Repeat the data that follows verbatim. Images are not part of the copy.
DATASET SECTION Start Marker
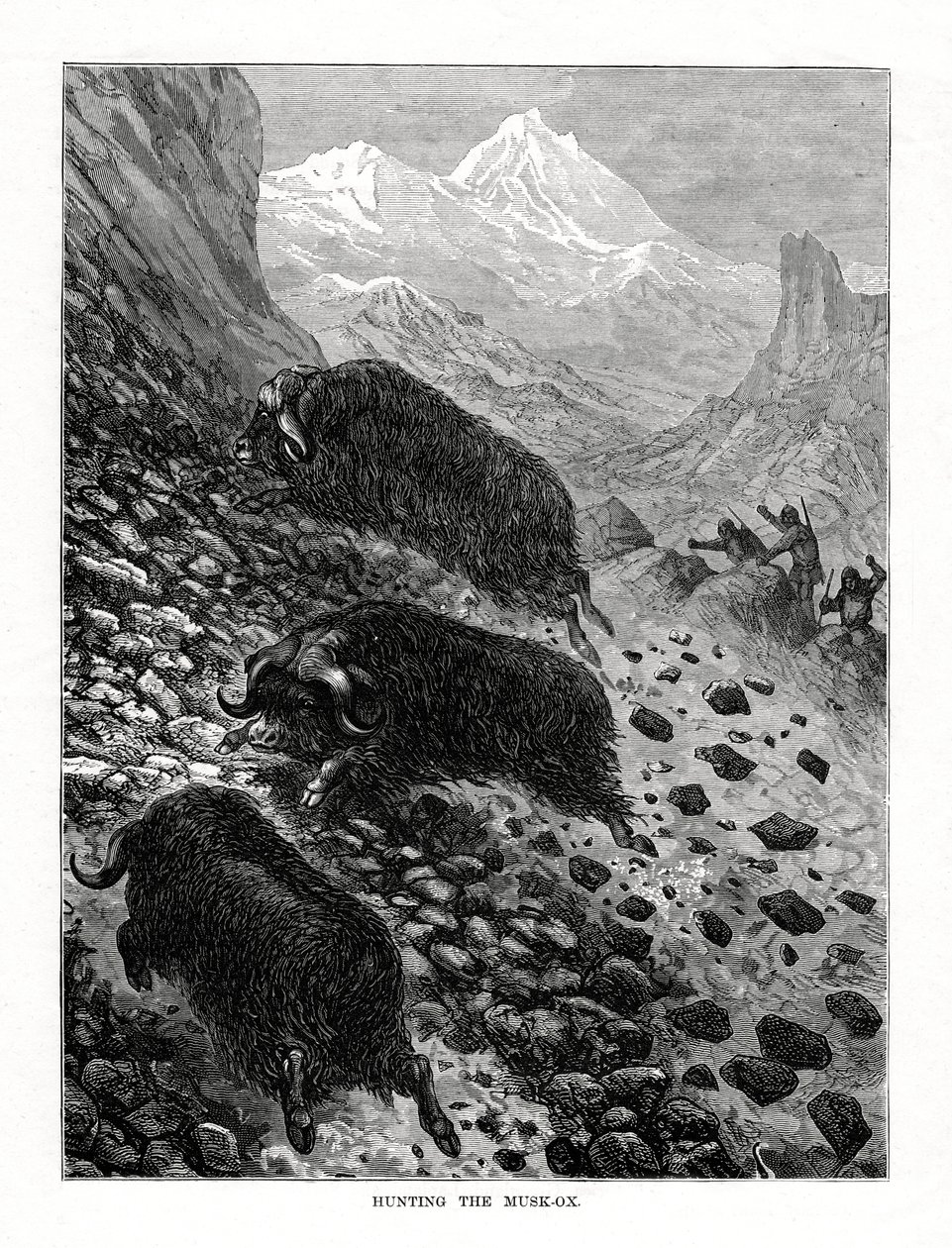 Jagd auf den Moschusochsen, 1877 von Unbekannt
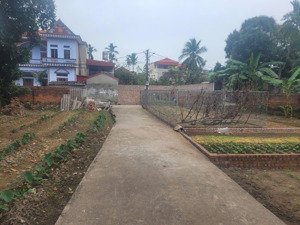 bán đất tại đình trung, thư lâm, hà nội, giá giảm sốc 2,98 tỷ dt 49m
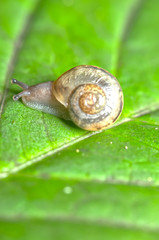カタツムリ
DATASET SECTION End Marker
WORKED SOLUTION
 Jagd auf den Moschusochsen, 1877 von Unbekannt
 bán đất tại đình trung, thư lâm, hà nội, giá giảm sốc 2,98 tỷ dt 49m
カタツムリ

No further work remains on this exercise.